Banking is an industry that handles cash, credit, and other financial transactions for individual consumers and businesses alike.

Banking provides the liquidity needed for families and businesses to invest in the future and is one of the key drivers of the U.S. economy.

You can use the products and services offered by a bank or credit union to protect your money, to borrow more, and to build savings.

Banking means you won’t have to save up before going to college or buying a house. Companies can use loans to start hiring immediately to build for future demand and expansion.

In short, banking provides the means for further financial growth.

Types of Banking

Banking comprises many activities that can be done through several financial institutions that accept deposits from individuals and other entities, and then use this money to offer loans and to invest and earn profit.

Banks can be placed into certain categories based on the type of business they conduct. Commercial banks provide services to private individuals and businesses.

Retail banking provides credit, deposit, and money management to individuals and families. 

1. Community Banking

Community banks are smaller than commercial banks. They concentrate on the local market. They provide more personalized service and build relationships with their customers. 

2. Internet Banking

Internet banking provides these services via the world wide web. The sector is also called e-banking, online banking, and net banking. Most other banks now offer online services.

There are many online-only banks. Since they have no branches, they can pass cost savings onto the consumer.

3. Savings and Loan Banking

Savings and loans are specialized banking entities, created to promote affordable homeownership. Often these banks will offer a higher interest rate to depositors as they raise money to lend for mortgages.

4. Credit Unions

Credit unions are financial institutions that operate similarly to standard banks in many ways, but with a different structure. Customers own their credit unions.

This ownership structure allows them to provide low-cost and more personalized services. You must be a member of their field of membership to join.

That could be employees of companies or schools or residents of a geographic region. 

5. Investment Banking

Investment banking finds funding for corporations through initial public stock offerings or bonds. They also facilitate mergers and acquisitions.

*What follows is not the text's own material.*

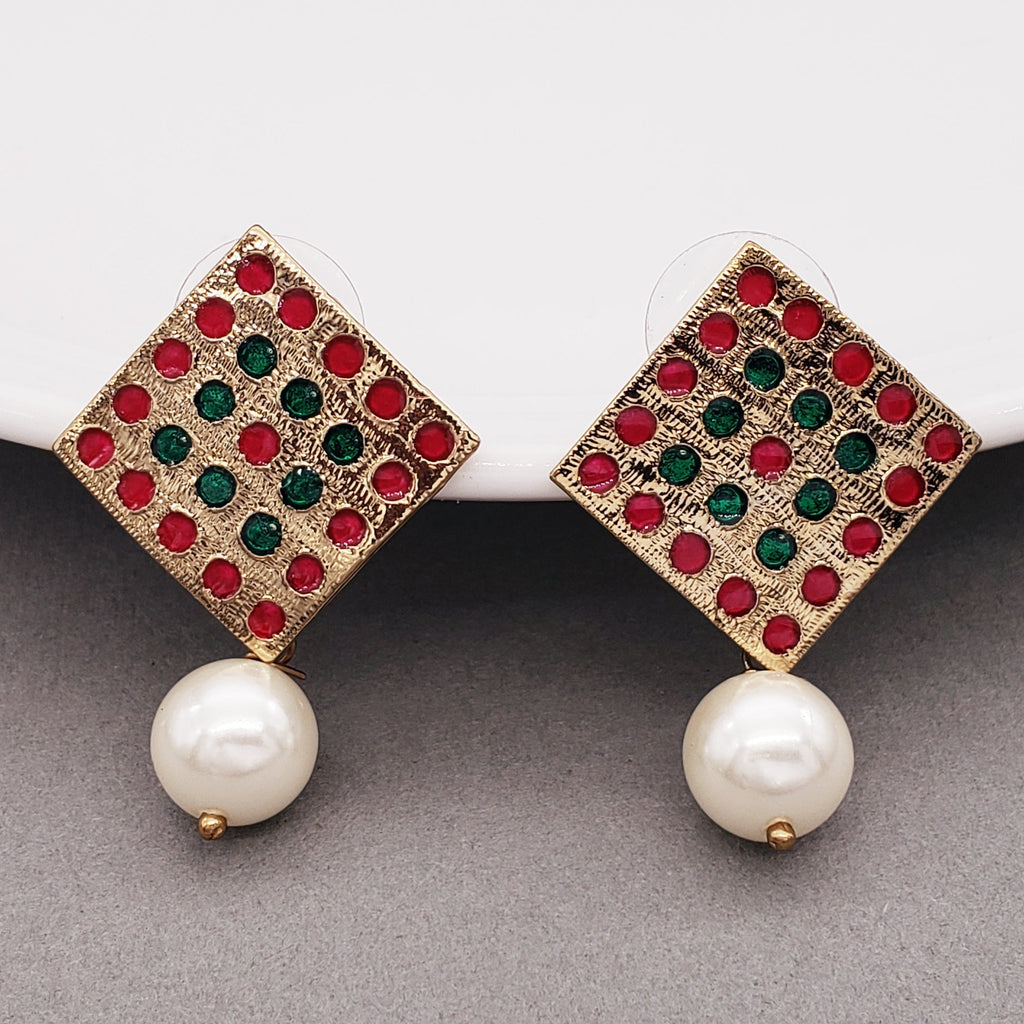 Square Pink Green Pearl Antique Gold Plated Earring For Women Bulk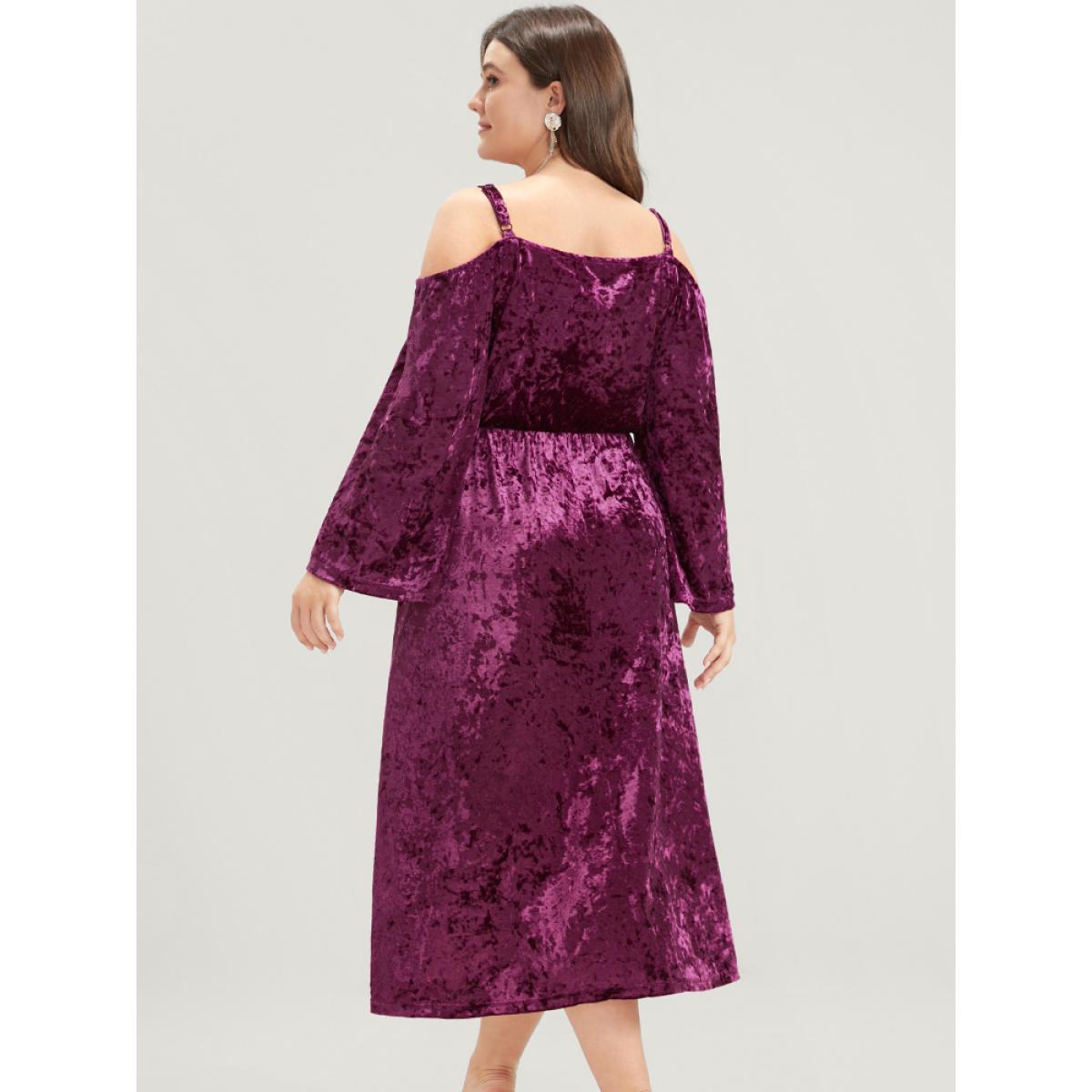 Plus Size Solid Cold Shoulder Pocket Bell Sleeve Velvet Dress RedViolet Women Party Elastic Waist Cold Shoulder Long Sleeve Curvy Midi Dress BloomChic 18-20/2X Product Image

The largest U.S. investment banks include Bank of America, Citigroup, Goldman Sachs, J.P. Morgan Chase, Wells Fargo, Charles Schwab, and Morgan Stanley.

After Lehman Brothers failed in September 2008, signaling the beginning of the global of the late-2000s, investment banks became commercial banks. 

That allowed them to receive government bailout funds. In return, they must now adhere to the Dodd-Frank Wall Street Reform and Consumer Protection Act regulations.

6. Merchant Banking

Merchant banking provides similar services for small businesses. They provide mezzanine financing, bridge financing, and corporate credit products.

7. Sharia Banking

Sharia banking conforms to the Islamic prohibition against interest rates. Also, Islamic banks don’t lend to alcohol and gambling businesses. 

Borrowers profit-share with the lender instead of paying interest. Because of this, Islamic banks avoided the risky asset classes responsible for the 2008 financial crisis.

What is Electronic Banking?

Internet Banking, also known as net banking or online banking, is an electronic payment system that enables the customer of a bank or a financial institution to make financial or non-financial transactions online via the internet.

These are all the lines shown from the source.